===== Exercise input

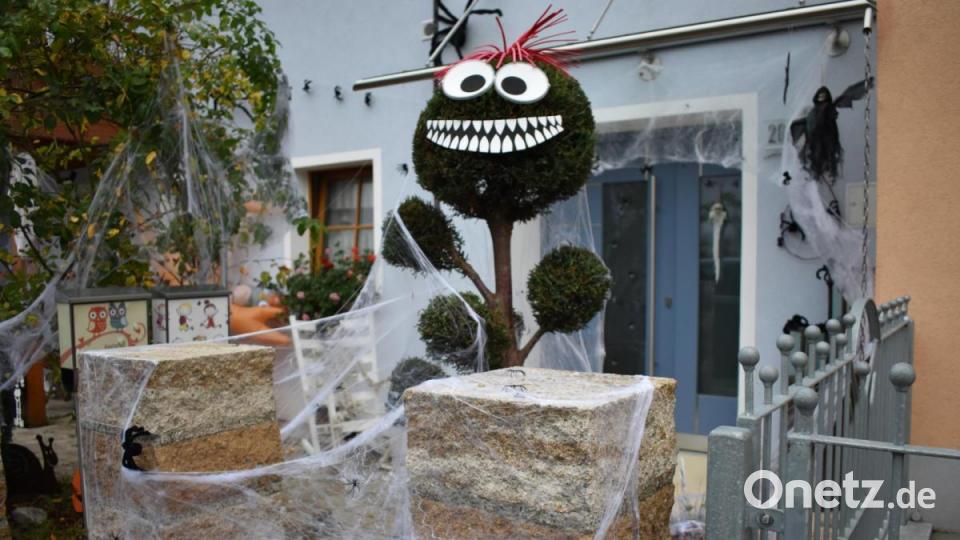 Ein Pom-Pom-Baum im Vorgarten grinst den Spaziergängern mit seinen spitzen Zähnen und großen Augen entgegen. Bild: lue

==========
===== Exercise input

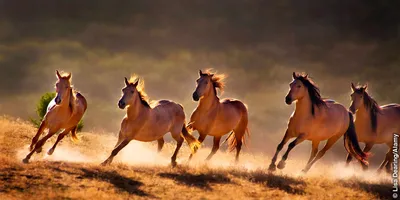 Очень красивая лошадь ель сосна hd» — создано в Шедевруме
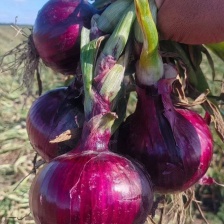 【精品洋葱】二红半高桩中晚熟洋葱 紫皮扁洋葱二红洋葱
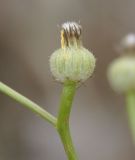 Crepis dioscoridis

==========
===== Exercise input

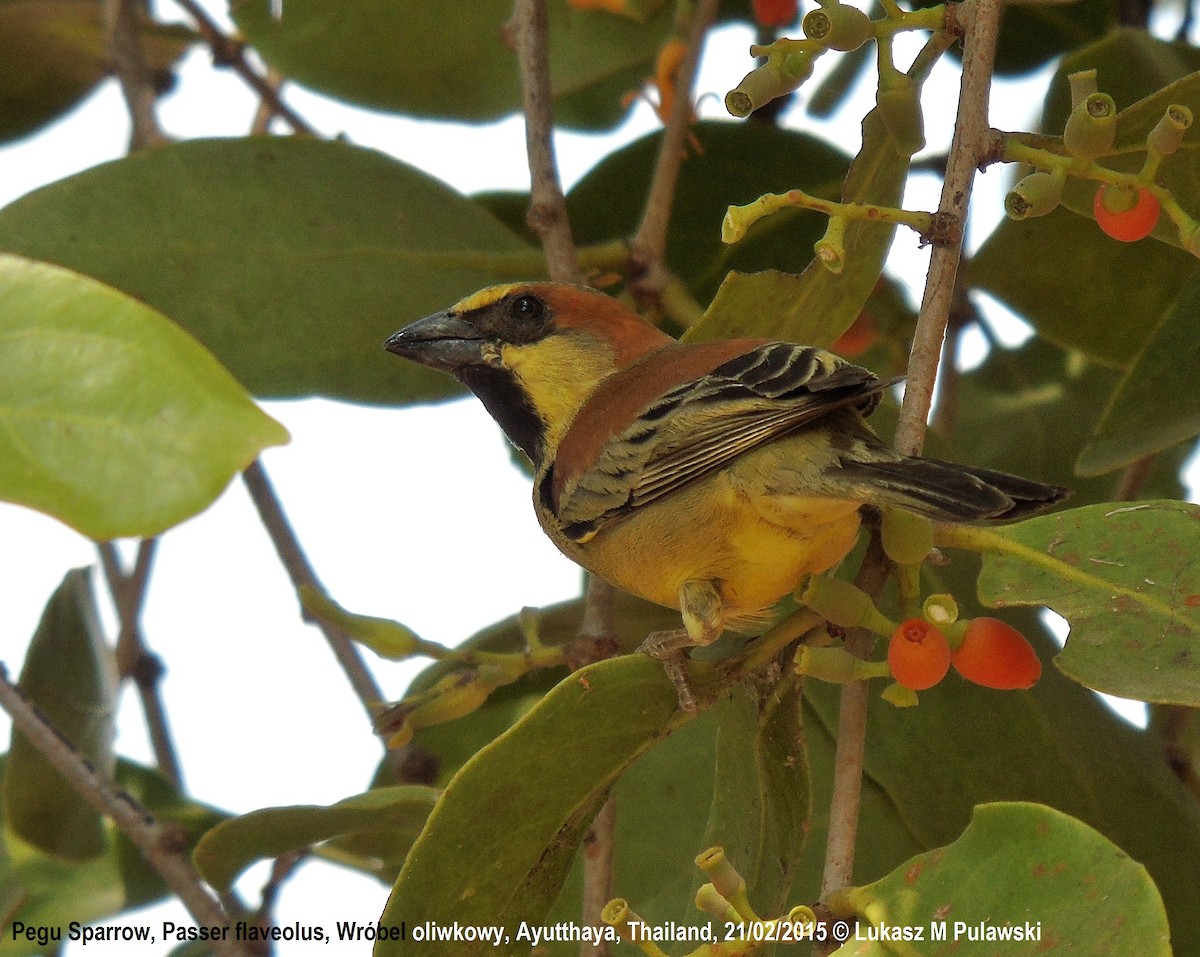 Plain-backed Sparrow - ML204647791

==========

• [Exercise details]:
Take the entries above and copy exactly the lines starting at the one with "Очень красивая лошадь" and ending at the one with "Crepis dioscoridis"; nothing outside that span, and no pictures.

• [Reply to the task]:
 Очень красивая лошадь ель сосна hd» — создано в Шедевруме
 【精品洋葱】二红半高桩中晚熟洋葱 紫皮扁洋葱二红洋葱
 Crepis dioscoridis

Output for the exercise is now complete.